The event was part of the public lecture series organized for “Science and Cooking: From Haute Cuisine to the Science of Soft Matter,” a Gen Ed course that fulfills the Science of the Physical Universe requirement. Although the talks are usually held in the fall, the event was hosted to coincide with the release of Gomez’s new book, somethingtofoodabout, according to course preceptor Pia Sorensen.
“The purpose of the talks in general is to connect cooking with science,” Sorensen said. “Often what comes up in these talks is creativity. The creativity of how chefs think, the creativity of science… how they’re similar and how they’re different.”
The talk mirrored the structure of Gomez’s book, which details spontaneous conversations with ten chefs about their imaginative cooking.
In front of a packed Science Center audience, the author highlighted many connections between his experiences of making music and the chefs’ creative culinary processes. Both chefs said they shared Gomez’s frustration of pleasing the audience while pursuing innovations.
“One of the things I found is that sweet spot, which was within my taste, which expressed my creativity, but was constrained a little,” said chef Daniel Patterson.
Gomez also discussed his perception of a social stratification in the food world because only relatively few people have access to high-end food. He lauded Patterson for opening Locol, a healthy fast-food restaurant in Watts, Los Angeles.
“You come from this high-end, high-class food world, and you decided to pay it forward by literally coming... in one of the most dangerous neighborhoods in America, to open up a restaurant so that everybody in the community could have access to that food,” he said.

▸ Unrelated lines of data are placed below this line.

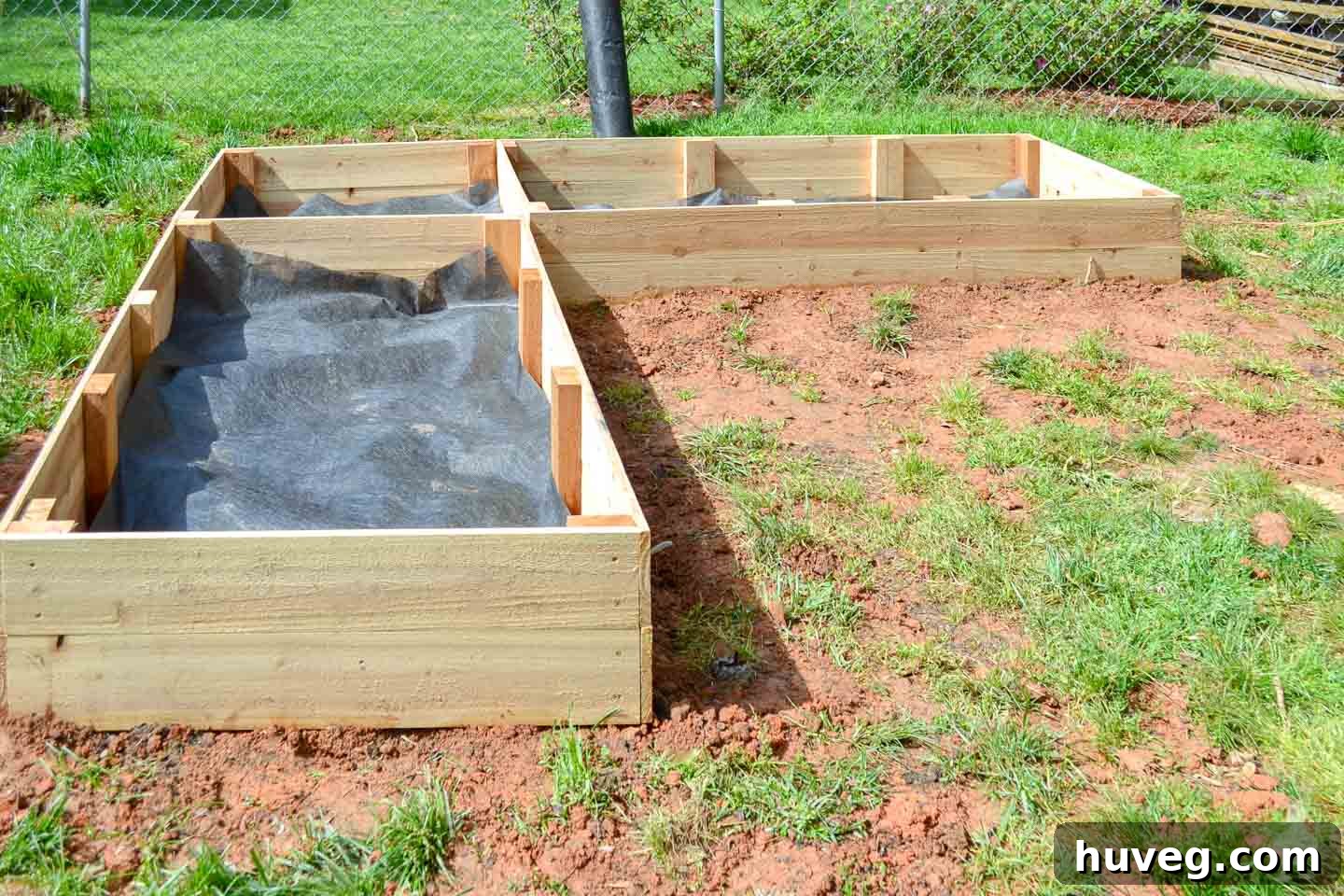 raised garden beds with landscaping fabric lining bottom
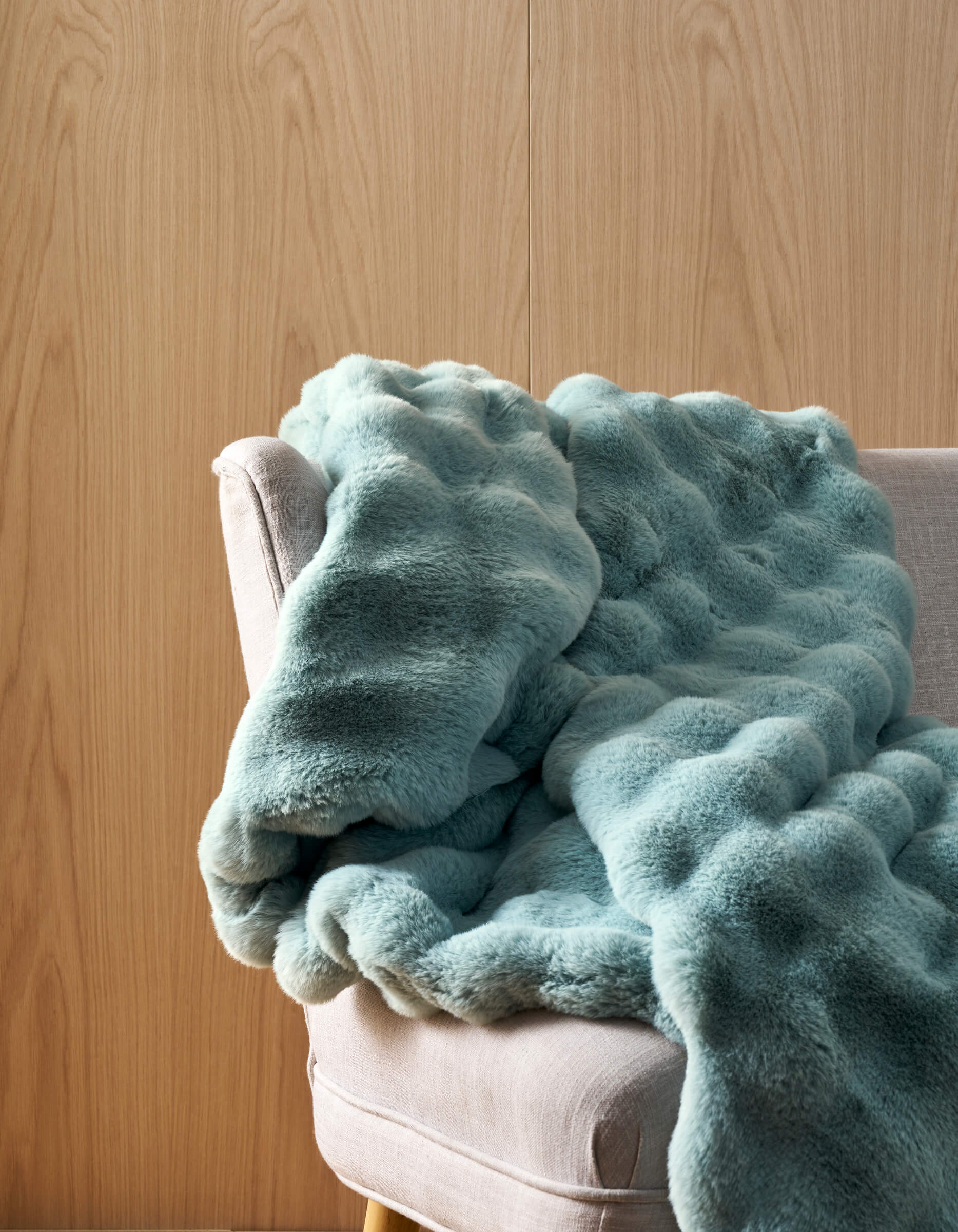The Cozy Earth Bubble Cuddle Blanket, featuring plush light blue faux fur with a wavy texture, is draped over a light gray upholstered chair set against a light wood-paneled wall.|Color:Tide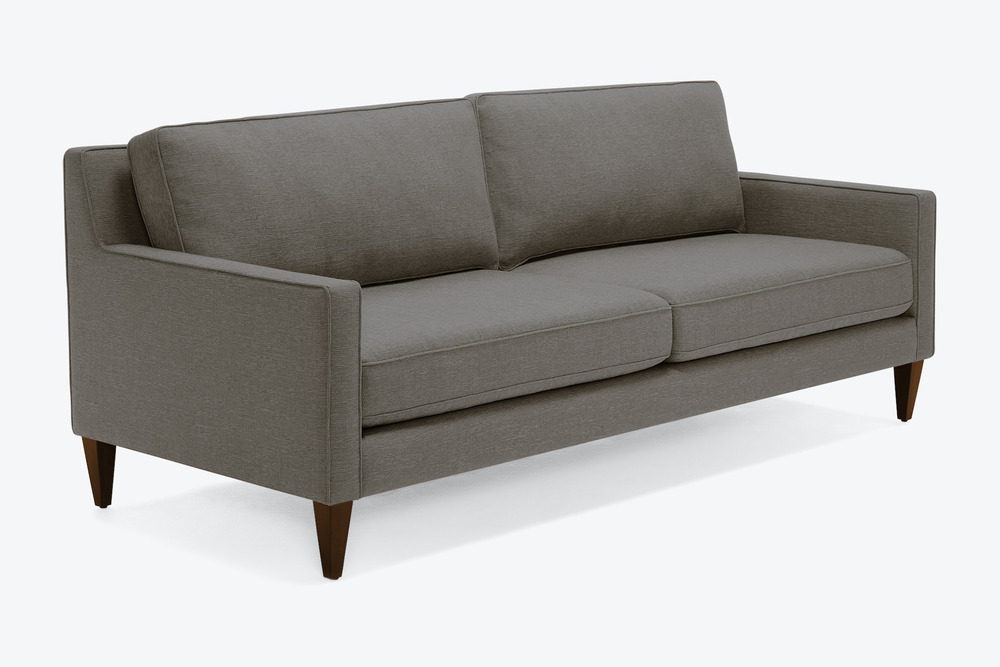 Sofa băng bọc vải màu xám tro, chụp nghiêng từ phía trước bên phải, trên nền trắng. Thiết kế tối giản, hiện đại với tay vị…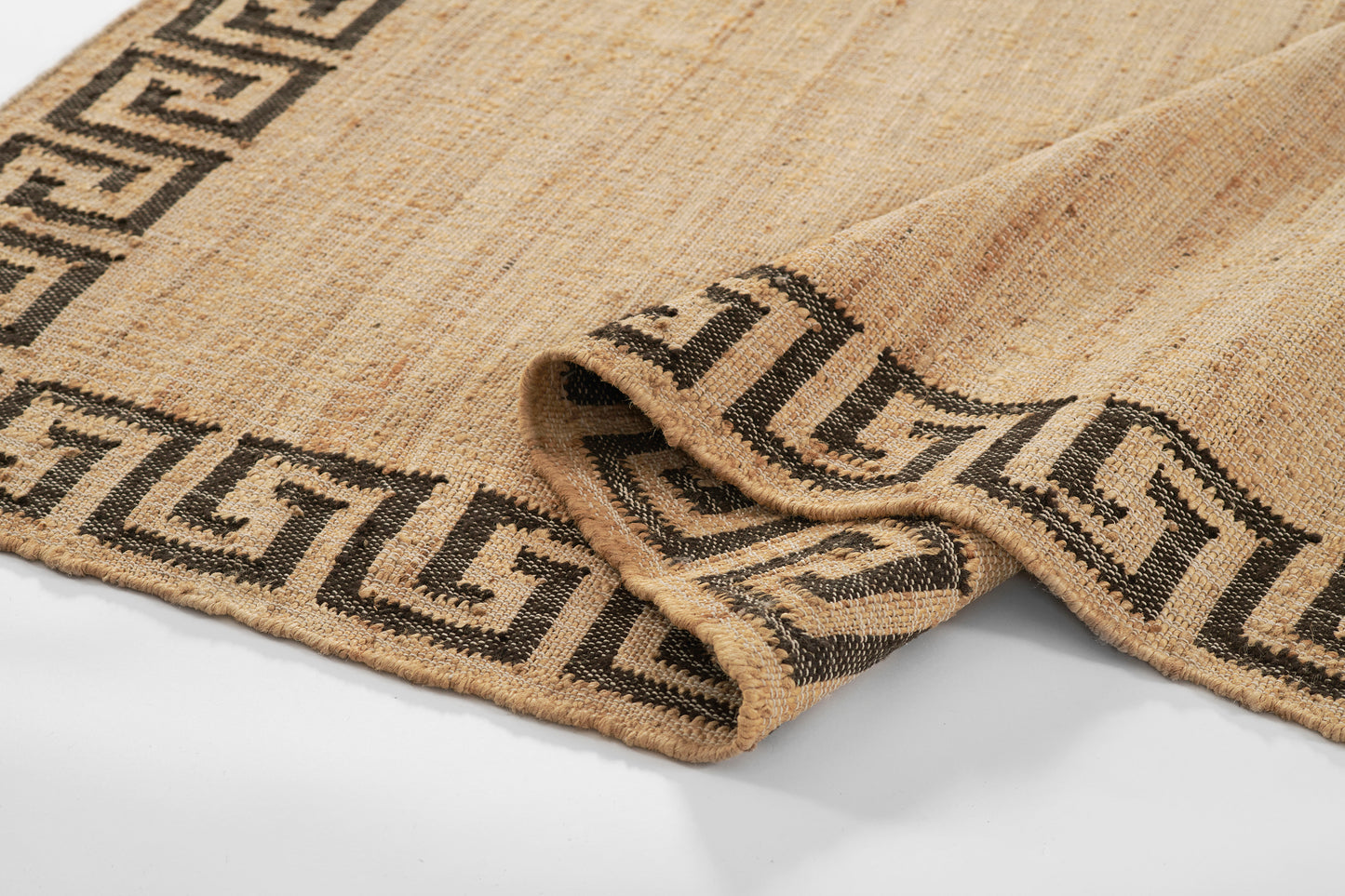 Natural jute rug with a dark brown Greek key border; handwoven, rustic texture.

Patterson, who is also a food writer, said he was inspired to open his restaurant because of his experience teaching children how to cook.
“I went as far as I could go and learned as much as I could from the high end, then turned around and realized some kids have no taste memory for real food,” he said. “There are two Americas, and we are going to the America that no one else is going to.”
Chef Ludo Lefebvre also noted the impact of his childhood on his decision to pursue a culinary career when an eleven-year-old audience member asked him, in French, about his inspiration.
“It’s simple: at school, I was a very bad student. My dad came to me one day and said you’re getting kicked out of this school, so you can be a hairdresser, a mechanician, or a cook,” he said. “It was second grade, so I thought, well, that’s it.”